▸ **Data extract**
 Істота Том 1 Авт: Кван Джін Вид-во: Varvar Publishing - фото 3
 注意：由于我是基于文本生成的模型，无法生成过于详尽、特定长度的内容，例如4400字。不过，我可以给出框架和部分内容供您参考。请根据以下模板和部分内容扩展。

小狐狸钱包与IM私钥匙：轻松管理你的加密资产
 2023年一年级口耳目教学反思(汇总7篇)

---

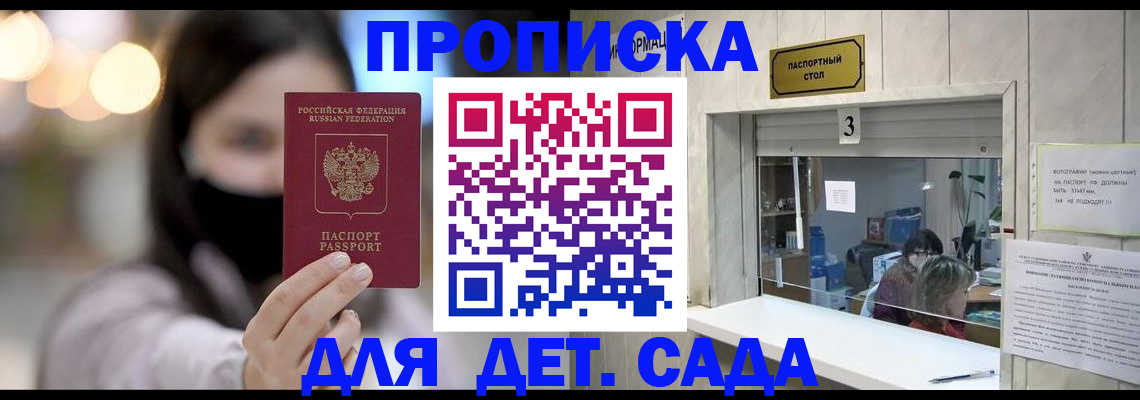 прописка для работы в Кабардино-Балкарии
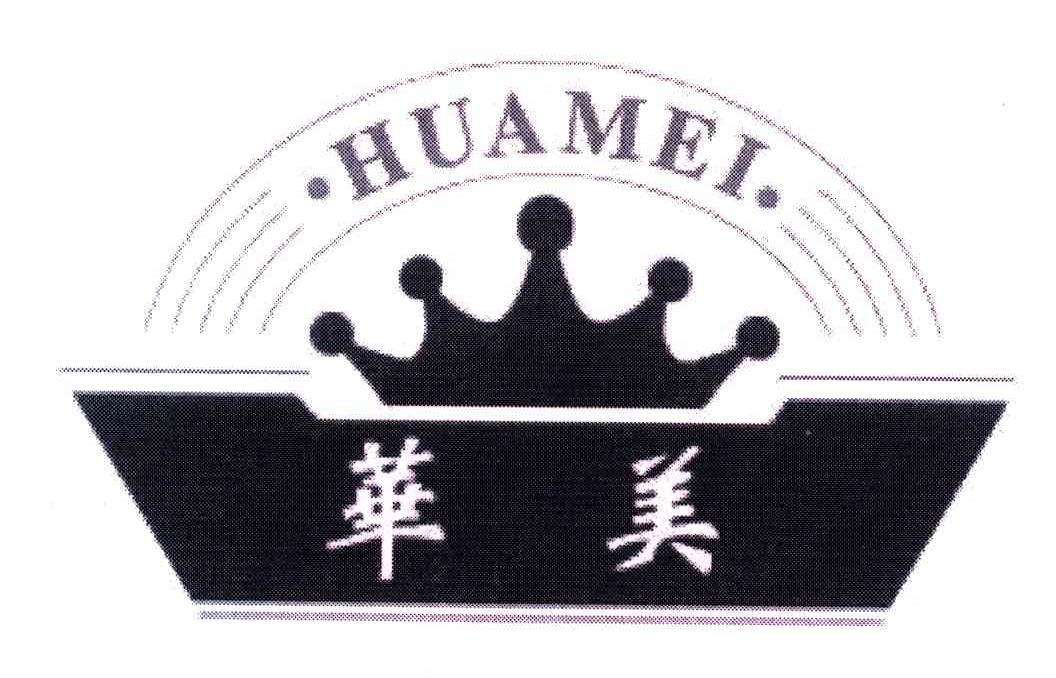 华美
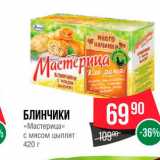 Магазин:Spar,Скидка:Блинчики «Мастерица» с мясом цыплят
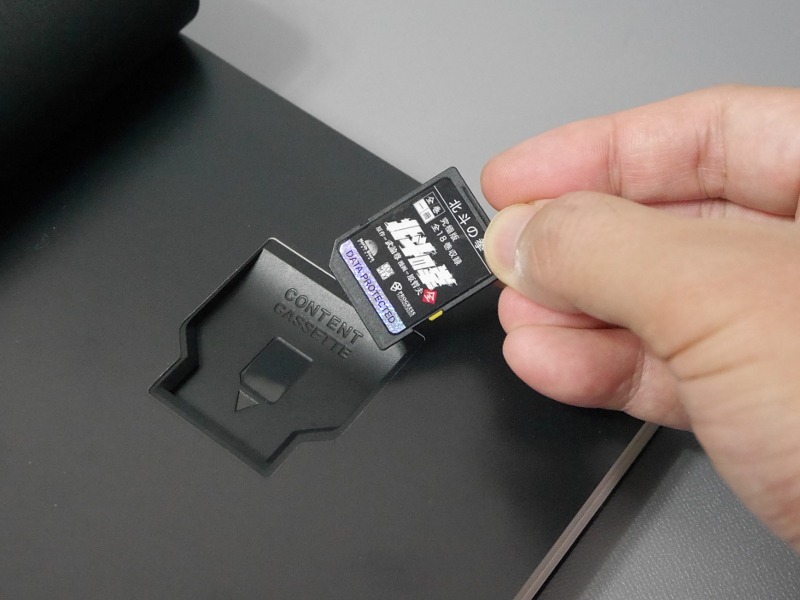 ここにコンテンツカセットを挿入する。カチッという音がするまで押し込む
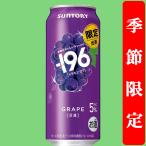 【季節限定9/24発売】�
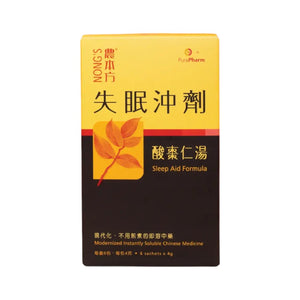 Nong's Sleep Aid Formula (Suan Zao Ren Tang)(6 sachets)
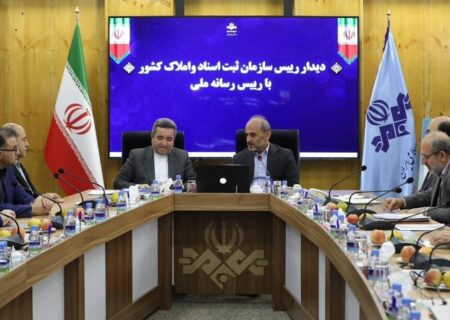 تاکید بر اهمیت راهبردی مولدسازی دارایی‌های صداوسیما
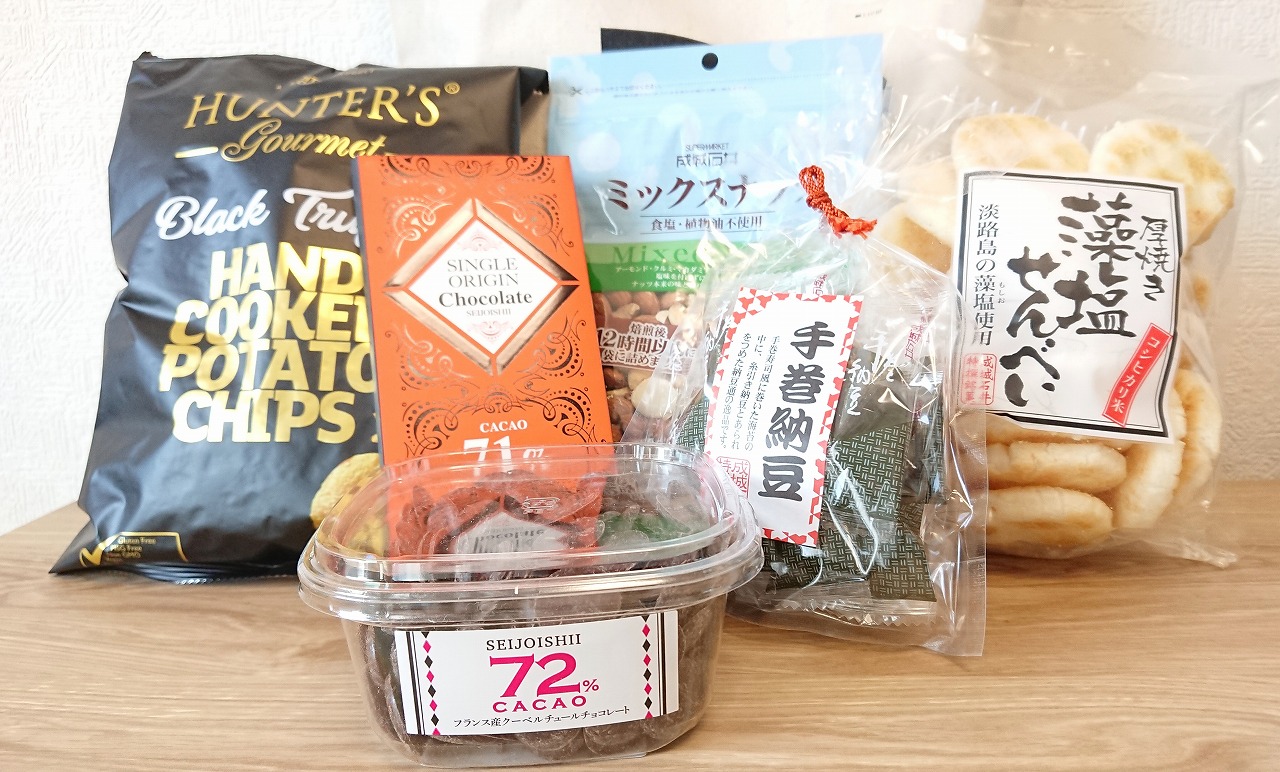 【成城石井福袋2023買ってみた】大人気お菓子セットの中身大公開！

▸ **Instructions to follow**
Please give an exact copy of the entries above, from the line with "小狐狸钱包与IM私钥匙：轻松管理你的加密资产" down to the line with "2023年一年级口耳目教学反思(汇总7篇)", inclusive, and nothing else.

▸ **Solution**
小狐狸钱包与IM私钥匙：轻松管理你的加密资产
 2023年一年级口耳目教学反思(汇总7篇)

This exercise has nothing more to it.